FOOT-PRINTS OF THE CREATOR;

-- OR --

THE ASTEROLEPIS OF STROMNESS.

BY HUGH MILLER.

WITH MANY ILLUSTRATIONS.

FROM THE THIRD LONDON EDITION.--WITH A MEMOIR OF THE AUTHOR

BY LOUIS AGASSIZ.

"In its purely geological character, the 'Foot-prints' is not surpassed by any modern work of the same class. In this volume, Mr. Miller discusses the development hypothesis, or the hypothesis of natural law, as maintained by Lamarck, and by the author of the 4 Vestiges of Creation,' and has subjected it, in its geological aspect, to the most rigorous examination. He has stripped even of its semblance of truth, and restored to the Creator, as governor cf the universe, that power and those functions which he was supposed to have resigned at its birth. * * * The earth has still to surrender mighty secrets,--and great revelations are yet to issue from sepulchres of stone. It is from the vaults to which ancient life has been consigned that the history of the dawn of life is to be composed."--_North British Review._

"Scientific knowledge equally remarkable for comprehensiveness and accuracy; a style at all times singularly clear, vivid, and powerful, ranging at will, and without effort, from the most natural and graceful simplicity, through the playful, the graphic, and the vigorous, to the impressive eloquence of great thoughts greatly expressed; reasoning at once comprehensive in scope, strong in grasp, and pointedly direct in application,--these qualities combine to render the 'Foot-prints' one of the most perfect refutations of error, and defences of truth, that ever exact science has produced."--_Free Church Magazine._

Dr.
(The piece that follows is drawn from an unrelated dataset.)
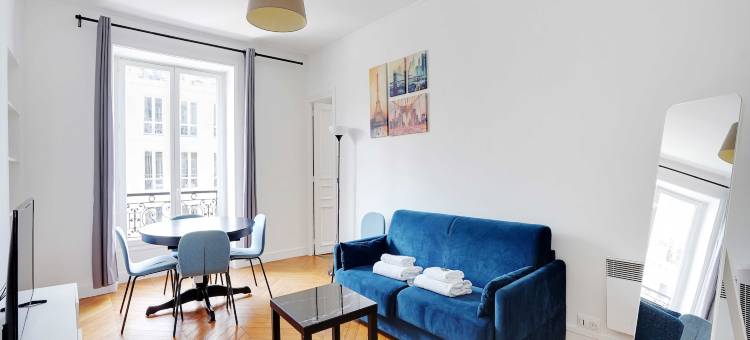 Superb Flat -2BR/6P- Rue Réaumur/Bonne-Nouvelle图片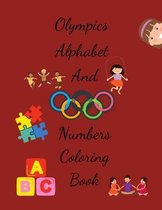 Olympics Coloring Book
Buckland, at a meeting of the British Association, said he had never been so much astonished in his life, by the powers of any man, as he had been by the geological descriptions of Mr. Miller. That wonderful man described these objects with a facility which made him ashamed of the comparative meagerness and poverty of his own descriptions in the "Bridgewater Treatise," which had cost him hours and days of labor. He would give his left hand to possess such powers of description as this man; and if it pleased Providence to spare his useful life, he, if any one, would certainly render science attractive and popular, and do equal service to theology and geology.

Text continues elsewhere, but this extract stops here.